EnglishSalvador Sánchez Cerén, quien fue un guerrillero en los años ochenta, acaba de ganar la segunda vuelta en las elecciones presidenciales de El Salvador por un margen realmente exiguo: obtuvo un 50.1% de los votos frente a su contrincante del partido Arena, Norman Quijano, quien sacó un 49.9% de los sufragios. Esto significa que, en más de tres millones de votos, la diferencia total a favor del izquierdista Sánchez Cerén fue de unos 6,000 votos. Un margen que da para toda clase de dudas y que ha hecho que ARENA denunciase irregularidades que habrían favorecido al oficialista.
El resultado apuntado, sin embargo, ha quedado como firme y el ex guerrillero será el próximo presidente del país centroamericano. Sánchez, en sus primeras declaraciones, se ha mostrado conciliador, ajeno al discurso revolucionario de otros tiempos, lo que augura probablemente una presidencia más parecida a la del uruguayo Mujica o la brasilera Rousseff, un izquierdismo moderado que no se parecerá al de Maduro en Venezuela. Estas son buenas noticias para los salvadoreños, por supuesto, aunque no es el punto que deseamos destacar en este artículo.
Lo que resulta preocupante es que, por una diferencia que no llega al dos por mil –dos votantes de cada mil– un país de América Latina pueda emprender un curso sin retroceso, como el que sigue Venezuela, y que ha llevado a esa nación a niveles de pobreza y de violencia que resultan alarmantes. No está de más recordar que Hugo Chávez ganó la presidencia con un 56% de los votos, una proporción importante, sin duda alguna, pero a partir de la cual llegó con facilidad a crear el régimen de opresión que hoy padecen los venezolanos.

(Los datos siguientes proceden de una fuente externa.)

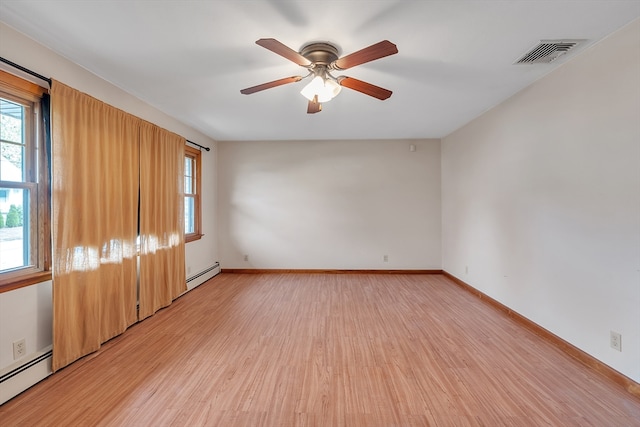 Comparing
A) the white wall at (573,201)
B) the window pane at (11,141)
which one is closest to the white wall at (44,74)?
the window pane at (11,141)

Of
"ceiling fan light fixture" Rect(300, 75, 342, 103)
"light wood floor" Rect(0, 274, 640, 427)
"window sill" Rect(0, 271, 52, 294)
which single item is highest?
"ceiling fan light fixture" Rect(300, 75, 342, 103)

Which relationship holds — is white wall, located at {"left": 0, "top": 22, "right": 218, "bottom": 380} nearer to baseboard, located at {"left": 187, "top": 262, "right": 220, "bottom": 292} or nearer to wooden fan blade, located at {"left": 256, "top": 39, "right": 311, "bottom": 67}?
wooden fan blade, located at {"left": 256, "top": 39, "right": 311, "bottom": 67}

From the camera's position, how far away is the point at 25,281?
75.2 inches

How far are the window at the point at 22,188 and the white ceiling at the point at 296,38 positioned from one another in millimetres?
504

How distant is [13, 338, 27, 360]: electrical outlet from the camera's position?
1.85 metres

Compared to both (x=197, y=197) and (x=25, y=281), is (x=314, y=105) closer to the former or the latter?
(x=25, y=281)

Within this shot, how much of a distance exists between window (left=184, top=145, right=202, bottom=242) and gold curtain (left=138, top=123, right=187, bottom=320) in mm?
679

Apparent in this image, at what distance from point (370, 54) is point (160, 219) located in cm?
301

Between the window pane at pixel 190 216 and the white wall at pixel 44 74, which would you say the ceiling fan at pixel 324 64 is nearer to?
the white wall at pixel 44 74

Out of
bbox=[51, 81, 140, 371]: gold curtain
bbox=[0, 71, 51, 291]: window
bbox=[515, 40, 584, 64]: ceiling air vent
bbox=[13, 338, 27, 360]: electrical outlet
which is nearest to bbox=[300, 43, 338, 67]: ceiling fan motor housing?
bbox=[515, 40, 584, 64]: ceiling air vent

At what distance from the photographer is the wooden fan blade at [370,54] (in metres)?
1.61

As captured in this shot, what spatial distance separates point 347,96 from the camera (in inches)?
118

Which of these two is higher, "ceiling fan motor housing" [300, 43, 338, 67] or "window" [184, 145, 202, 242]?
"ceiling fan motor housing" [300, 43, 338, 67]

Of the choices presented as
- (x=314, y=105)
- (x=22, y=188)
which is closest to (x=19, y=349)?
(x=22, y=188)
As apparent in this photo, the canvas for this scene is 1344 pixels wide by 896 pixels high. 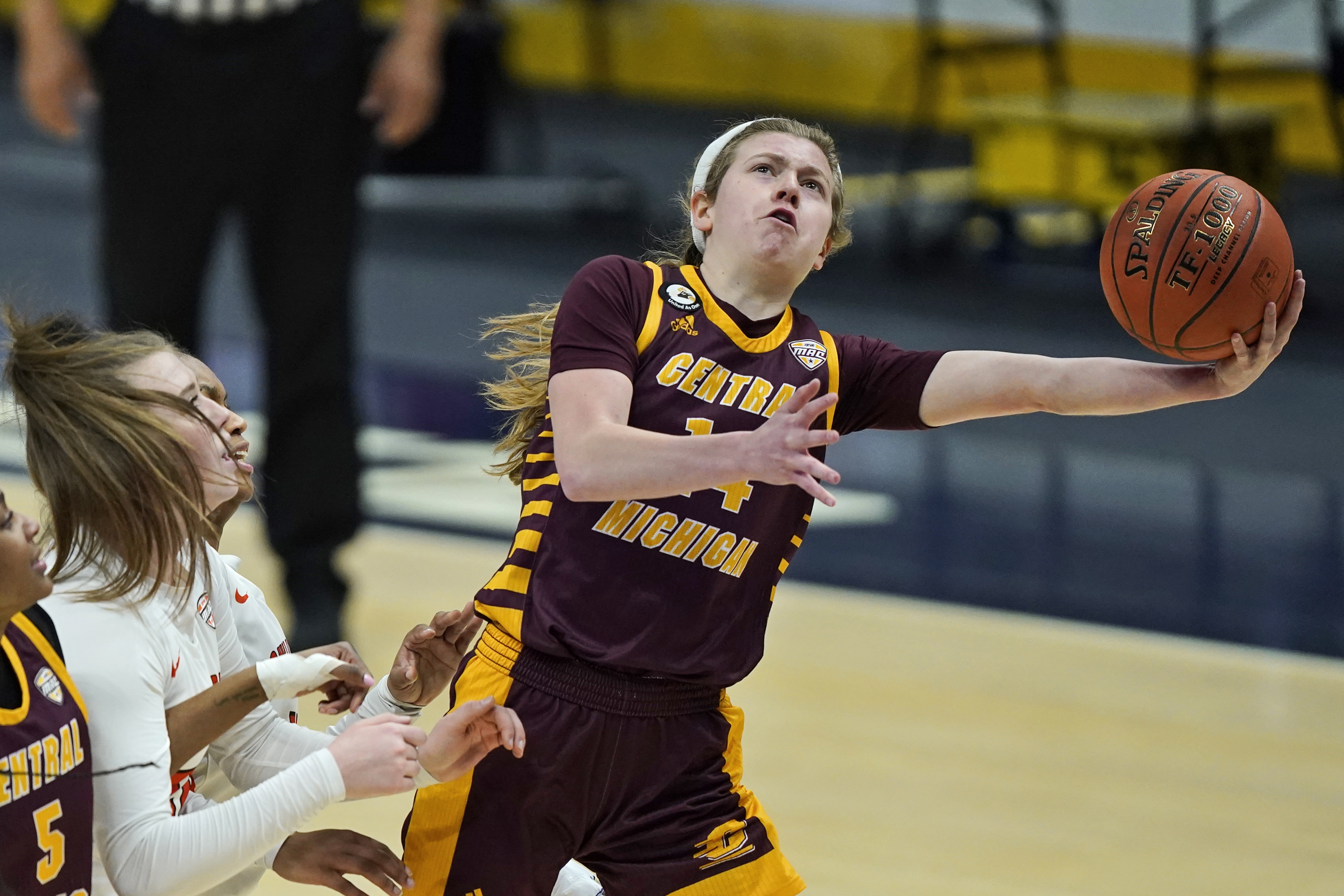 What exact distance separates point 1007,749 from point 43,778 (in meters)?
3.16

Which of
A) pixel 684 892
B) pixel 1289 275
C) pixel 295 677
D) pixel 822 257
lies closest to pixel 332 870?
pixel 295 677

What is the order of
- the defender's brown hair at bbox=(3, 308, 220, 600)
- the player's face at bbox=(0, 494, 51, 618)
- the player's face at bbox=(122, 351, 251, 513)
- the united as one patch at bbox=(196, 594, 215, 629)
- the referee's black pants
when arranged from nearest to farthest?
the player's face at bbox=(0, 494, 51, 618), the defender's brown hair at bbox=(3, 308, 220, 600), the player's face at bbox=(122, 351, 251, 513), the united as one patch at bbox=(196, 594, 215, 629), the referee's black pants

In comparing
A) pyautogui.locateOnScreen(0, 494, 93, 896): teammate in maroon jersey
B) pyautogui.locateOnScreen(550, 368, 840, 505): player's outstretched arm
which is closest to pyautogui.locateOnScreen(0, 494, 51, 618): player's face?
pyautogui.locateOnScreen(0, 494, 93, 896): teammate in maroon jersey

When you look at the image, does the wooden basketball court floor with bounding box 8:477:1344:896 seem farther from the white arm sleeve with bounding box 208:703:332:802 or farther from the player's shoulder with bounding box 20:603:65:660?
the player's shoulder with bounding box 20:603:65:660

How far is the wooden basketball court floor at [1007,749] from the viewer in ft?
13.6

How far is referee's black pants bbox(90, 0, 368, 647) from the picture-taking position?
17.2 feet

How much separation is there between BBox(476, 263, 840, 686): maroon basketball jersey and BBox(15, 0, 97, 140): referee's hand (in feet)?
10.6

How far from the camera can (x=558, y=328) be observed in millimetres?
2602

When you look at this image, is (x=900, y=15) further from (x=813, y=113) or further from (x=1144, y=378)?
(x=1144, y=378)

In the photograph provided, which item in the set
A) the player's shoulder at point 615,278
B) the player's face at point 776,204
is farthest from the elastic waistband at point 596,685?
the player's face at point 776,204

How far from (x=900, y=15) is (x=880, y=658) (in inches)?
228

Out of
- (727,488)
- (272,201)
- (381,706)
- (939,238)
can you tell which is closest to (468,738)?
(381,706)

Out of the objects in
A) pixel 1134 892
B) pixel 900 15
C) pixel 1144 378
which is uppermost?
pixel 900 15

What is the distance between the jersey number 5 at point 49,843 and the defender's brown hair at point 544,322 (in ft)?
3.04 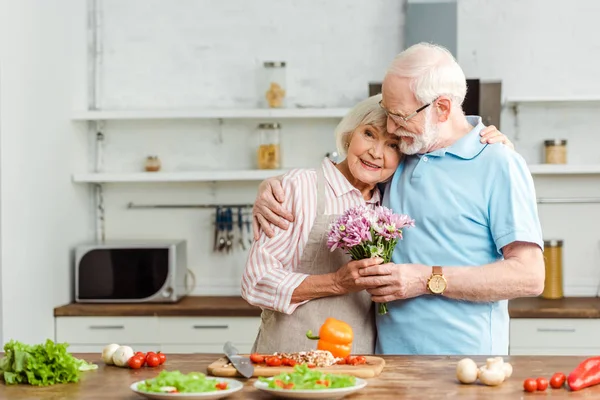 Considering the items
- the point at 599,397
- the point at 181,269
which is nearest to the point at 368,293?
the point at 599,397

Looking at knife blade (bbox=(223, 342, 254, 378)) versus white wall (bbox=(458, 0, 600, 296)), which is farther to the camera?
white wall (bbox=(458, 0, 600, 296))

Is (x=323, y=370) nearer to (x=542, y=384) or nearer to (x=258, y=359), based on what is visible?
(x=258, y=359)

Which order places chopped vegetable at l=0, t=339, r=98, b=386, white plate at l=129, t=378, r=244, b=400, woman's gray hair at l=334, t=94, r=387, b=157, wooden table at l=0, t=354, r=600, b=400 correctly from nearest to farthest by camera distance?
white plate at l=129, t=378, r=244, b=400, wooden table at l=0, t=354, r=600, b=400, chopped vegetable at l=0, t=339, r=98, b=386, woman's gray hair at l=334, t=94, r=387, b=157

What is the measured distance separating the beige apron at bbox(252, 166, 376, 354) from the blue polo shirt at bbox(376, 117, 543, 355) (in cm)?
8

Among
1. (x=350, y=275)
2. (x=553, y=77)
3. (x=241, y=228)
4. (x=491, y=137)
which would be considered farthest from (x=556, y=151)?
(x=350, y=275)

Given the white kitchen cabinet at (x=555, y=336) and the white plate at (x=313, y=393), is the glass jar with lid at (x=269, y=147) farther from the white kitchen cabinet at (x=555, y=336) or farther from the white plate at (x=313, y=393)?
the white plate at (x=313, y=393)

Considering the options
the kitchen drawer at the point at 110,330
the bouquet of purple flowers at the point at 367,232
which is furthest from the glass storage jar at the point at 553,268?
the bouquet of purple flowers at the point at 367,232

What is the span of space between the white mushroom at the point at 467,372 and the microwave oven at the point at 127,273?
2.65 meters

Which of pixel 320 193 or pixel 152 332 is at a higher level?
pixel 320 193

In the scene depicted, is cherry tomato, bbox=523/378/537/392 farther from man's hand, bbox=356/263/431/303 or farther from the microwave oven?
the microwave oven

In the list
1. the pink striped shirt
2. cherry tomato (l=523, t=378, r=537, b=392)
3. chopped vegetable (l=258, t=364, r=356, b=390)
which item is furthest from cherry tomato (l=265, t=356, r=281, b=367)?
cherry tomato (l=523, t=378, r=537, b=392)

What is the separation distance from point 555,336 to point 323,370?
250 centimetres

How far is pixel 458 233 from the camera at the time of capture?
95.2 inches

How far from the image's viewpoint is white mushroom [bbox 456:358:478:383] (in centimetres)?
194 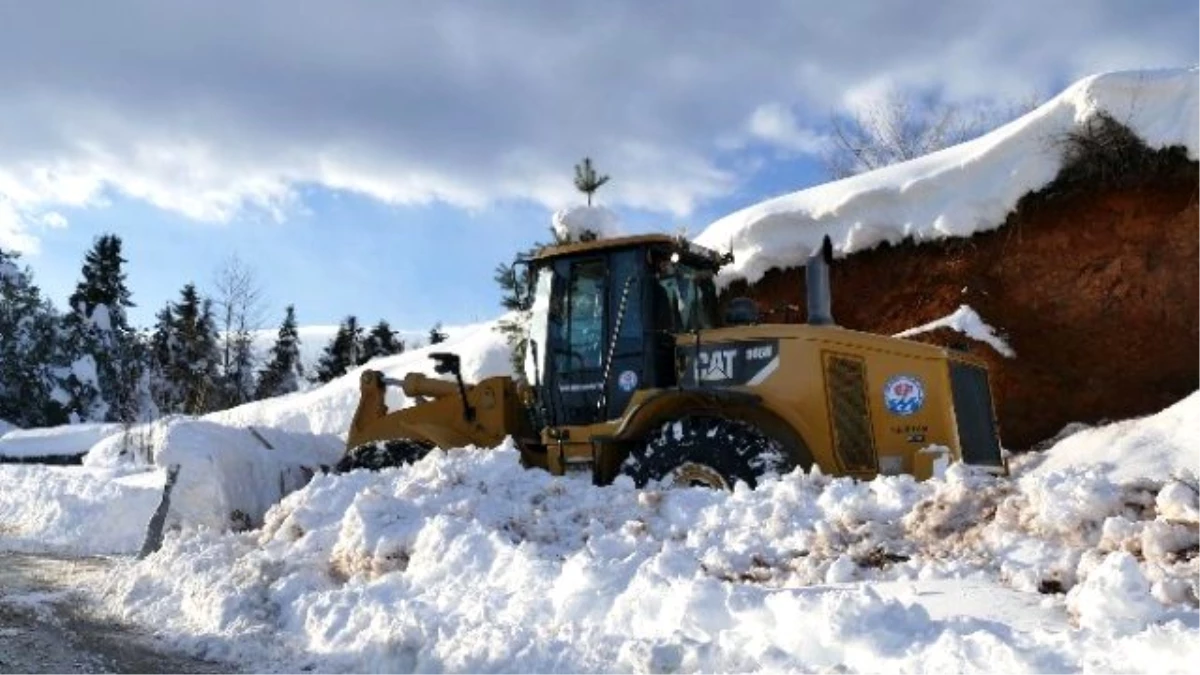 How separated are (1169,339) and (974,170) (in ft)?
12.5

Parece así válido preguntarse: ¿y el otro 44%? Los tres millones de sufragios que recibió la oposición quedaron casi sin representación alguna, arrinconados políticamente desde 1999. La democracia, como se la concibe en nuestras tierras, implica que quien obtiene un voto más que su oponente “se lleva todo”, queda con un poder que, si lo desea, se convierte en absoluto.
Tal vez a algunos lectores les parezca que exagero generalizando a partir de un sólo caso puntual que ha seguido un desarrollo que, por así decir, resulta bastante particular. Pero ese es el argumento que utilizan los presidentes de la región para apuntalar y justificar al represivo régimen de Nicolás Maduro: aluden a la “legitimidad de origen” como si, por ganar una elección, se tuviera derecho a todo. Un caso típico de esta manera de concebir las cosas lo constituye el de la presidente Bachelet, que parece olvidarse de los derechos humanos cuando los gobiernos son de izquierda, o el de la mandataria de Argentina, que no protestó cuando los disturbios de fines de 2001 obligaron a renunciar al presidente De la Rúa, pero que ahora justifica los abusos represivos de su colega venezolano.
La lista es larga, y no queremos abusar de la paciencia del lector, pero fácilmente se comprenderá que hay una oscura doble moral cuando se critica sin piedad y se busca juzgar a los dictadores que combatieron la subversión pero –por ejemplo– se defiende y legitima a la “monarquía comunista” de los hermanos Castro en Cuba.
La democracia, en última instancia, no es otra cosa que un método para resolver por la vía cuantitativa las diferencias que inevitablemente se producen en una sociedad. Ante la pregunta de ¿quién debe gobernar en democracia? se apela a este método simple, que evita en la gran mayoría de los casos las confrontaciones violentas. Pero nada nos dice acerca de cómo se ha de gobernar, de las limitaciones del poder político, de las instituciones que garantizan las libertades ciudadanas y la relación entre gobernantes y gobernados.
Sin todo esto, sin instituciones que eviten la concentración del poder, la democracia se convierte en una trampa que puede arrojar casi cualquier resultado: desde la libertad y estabilidad de los países nórdicos hasta los terribles ejemplos de Hitler y una larga lista de tiranuelos latinoamericanos.
Quien acepta todo a un gobernante por el simple hecho de haber ganado una elección termina, como en el caso de Venezuela actual, legitimando cualquier brutal dictadura. Quien llama a intervenir –como la OEA– ante casos complejos como los del pasado reciente en Honduras o en Paraguay, pero se abstiene de tomar partido frente a la violencia de los paramilitares venezolanos, pierde toda legitimidad moral y se convierte, como ya ha sucedido, en una parodia de organismo regional, en un simple teatro donde los gobiernos de todo tipo se apoyan unos a otros. Mal está nuestra América si no responde, con claridad y con fuerza, ante una situación como la venezolana, que puede encaminarse pronto hacia una verdadera guerra civil.